*** Opening Records provided ***

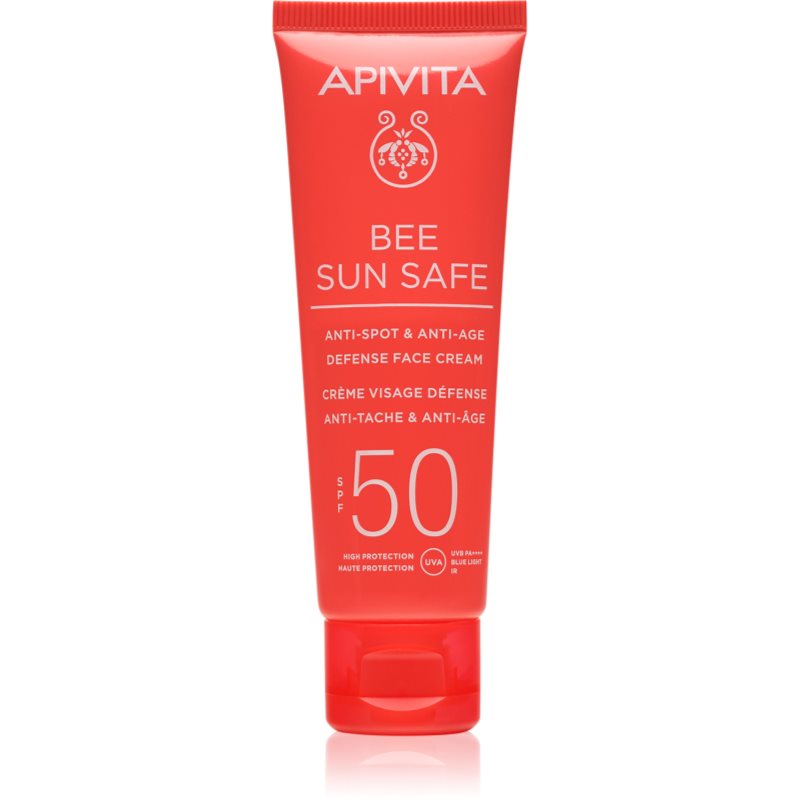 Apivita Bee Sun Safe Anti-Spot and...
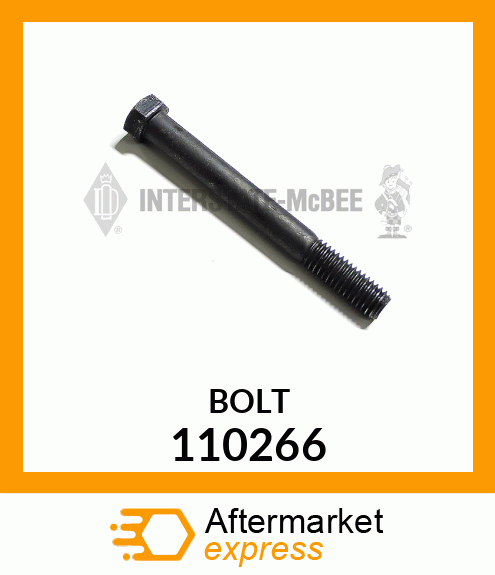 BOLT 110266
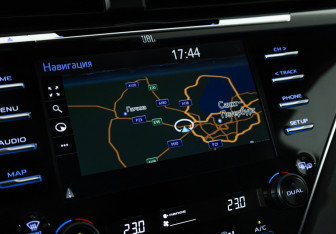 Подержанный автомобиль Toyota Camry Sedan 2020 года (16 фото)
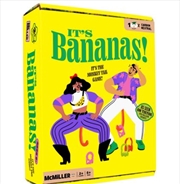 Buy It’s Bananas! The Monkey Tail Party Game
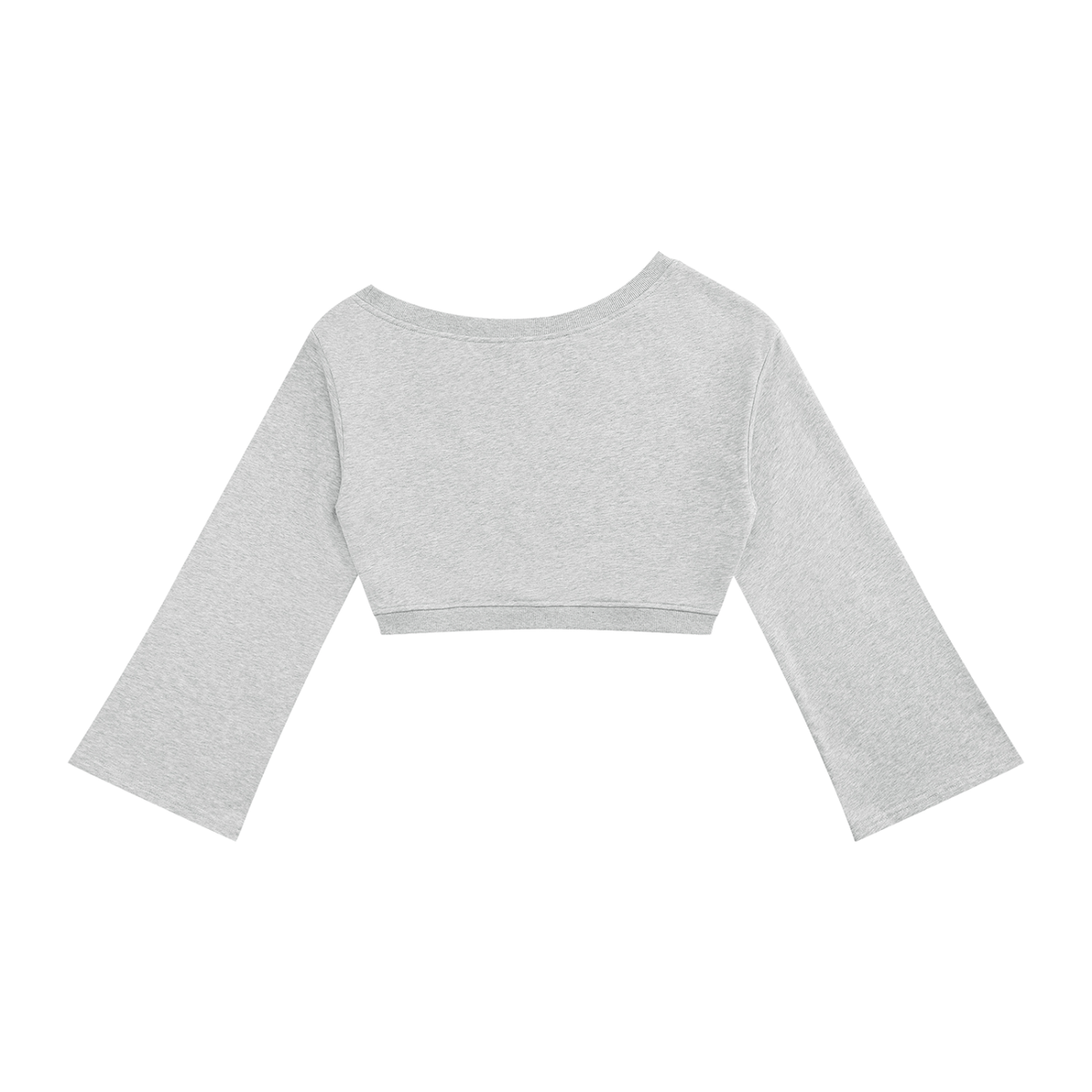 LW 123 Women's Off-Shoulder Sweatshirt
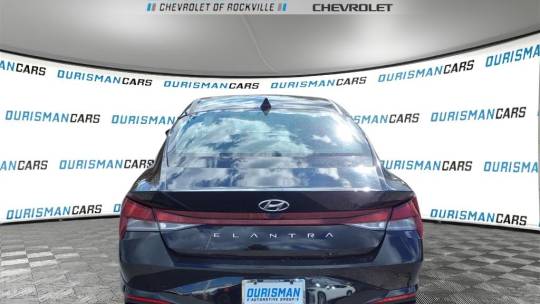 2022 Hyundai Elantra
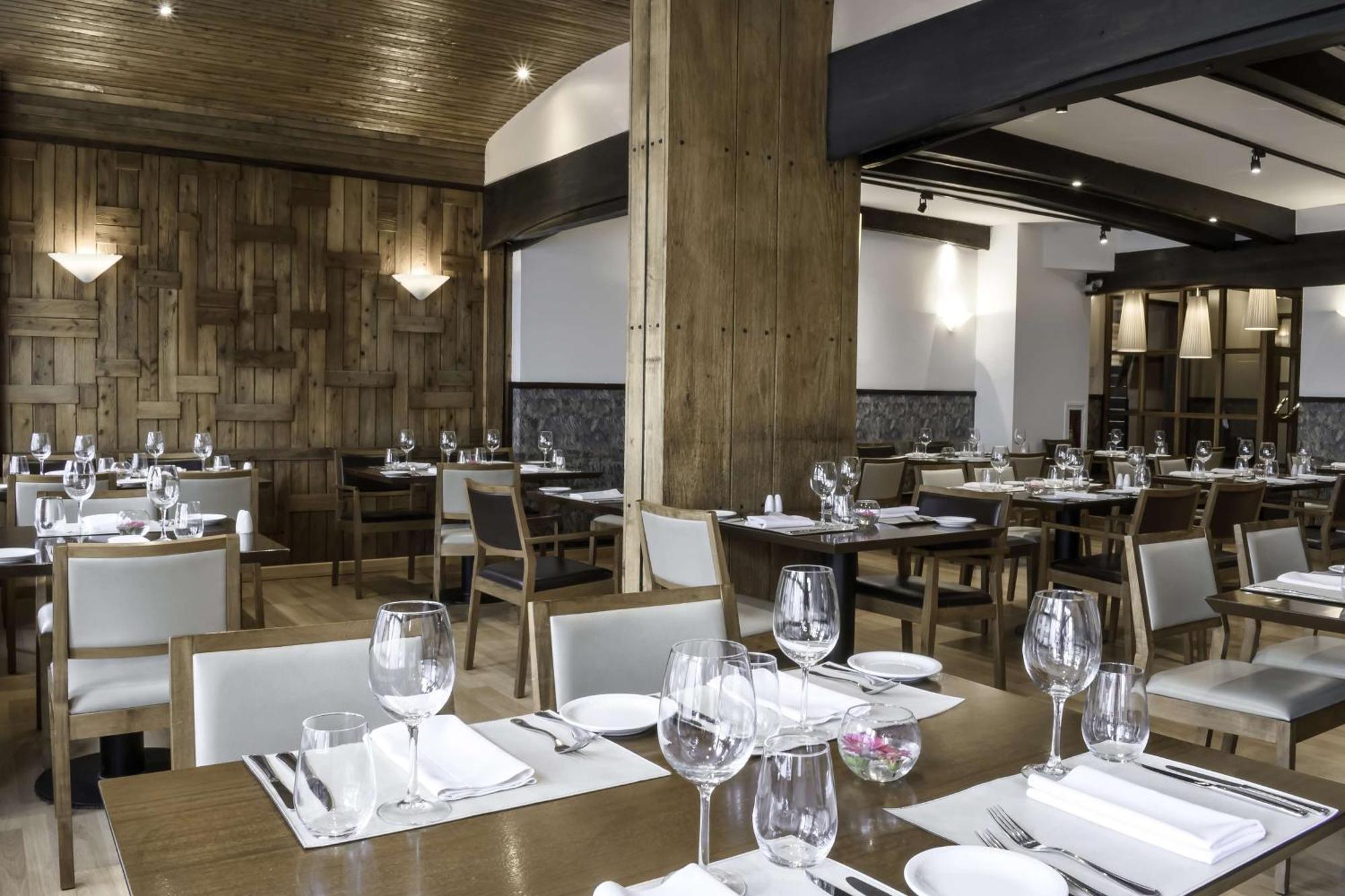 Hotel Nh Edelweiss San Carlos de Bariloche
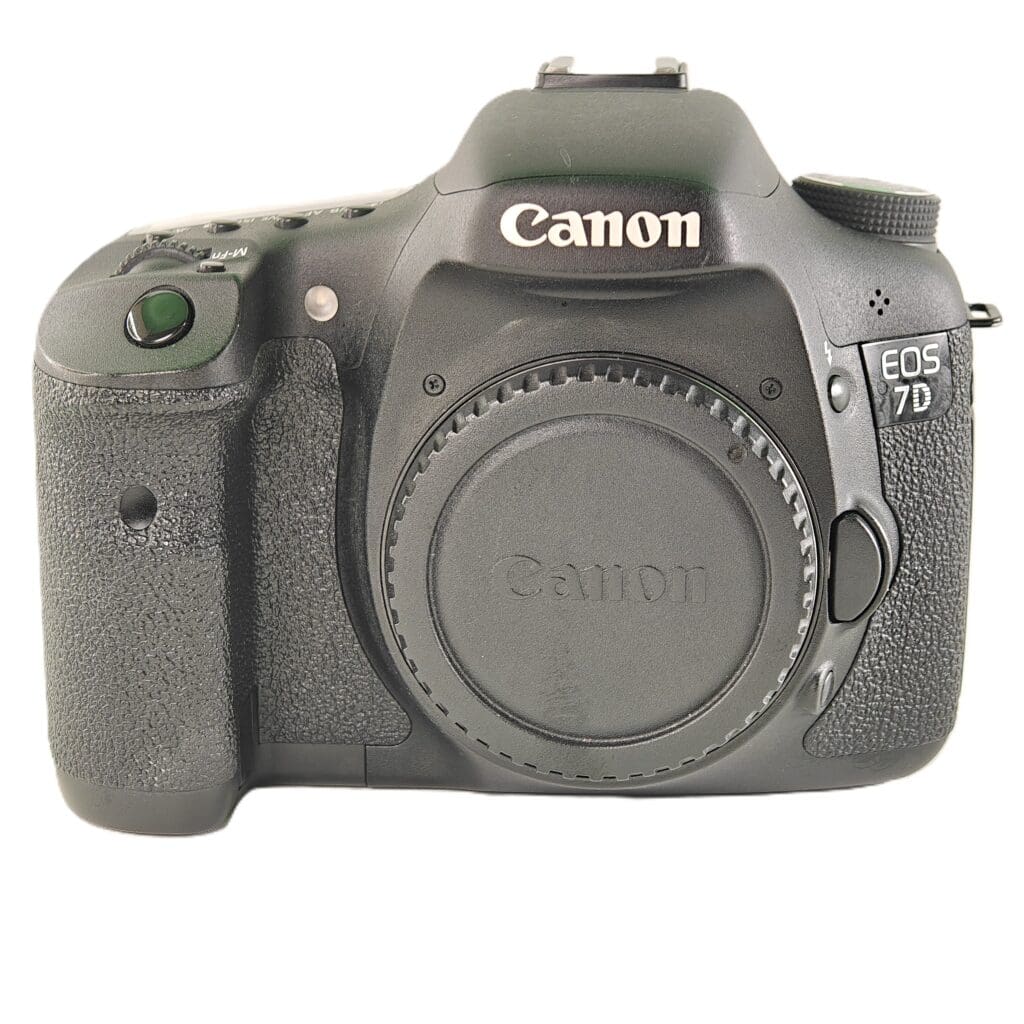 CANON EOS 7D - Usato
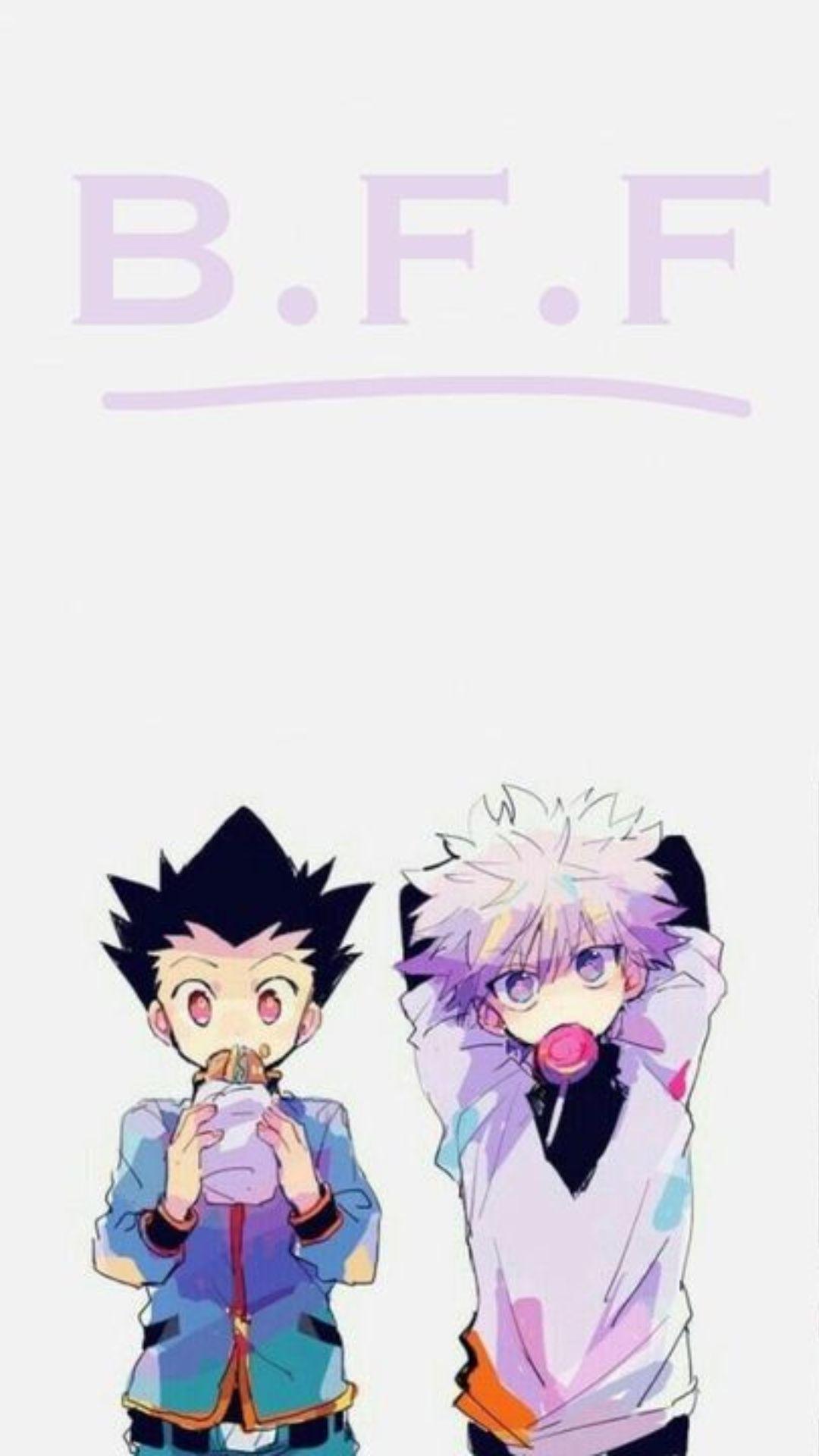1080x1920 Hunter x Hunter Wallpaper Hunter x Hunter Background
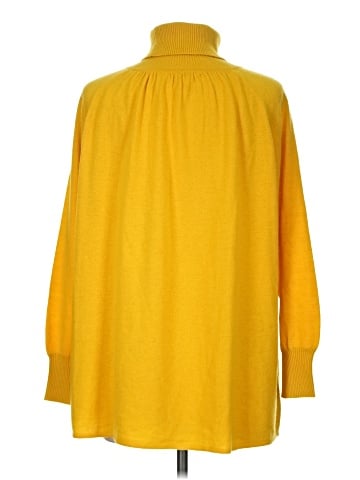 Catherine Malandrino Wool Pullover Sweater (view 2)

*** Closing Records provided ***

What the exercise asks — Could you write out the whole listing exactly, dropping the pictures?

Problem solution —
 Apivita Bee Sun Safe Anti-Spot and...
 BOLT 110266
 Подержанный автомобиль Toyota Camry Sedan 2020 года (16 фото)
 Buy It’s Bananas! The Monkey Tail Party Game
 LW 123 Women's Off-Shoulder Sweatshirt
 2022 Hyundai Elantra
 Hotel Nh Edelweiss San Carlos de Bariloche
 CANON EOS 7D - Usato
1080x1920 Hunter x Hunter Wallpaper Hunter x Hunter Background
 Catherine Malandrino Wool Pullover Sweater (view 2)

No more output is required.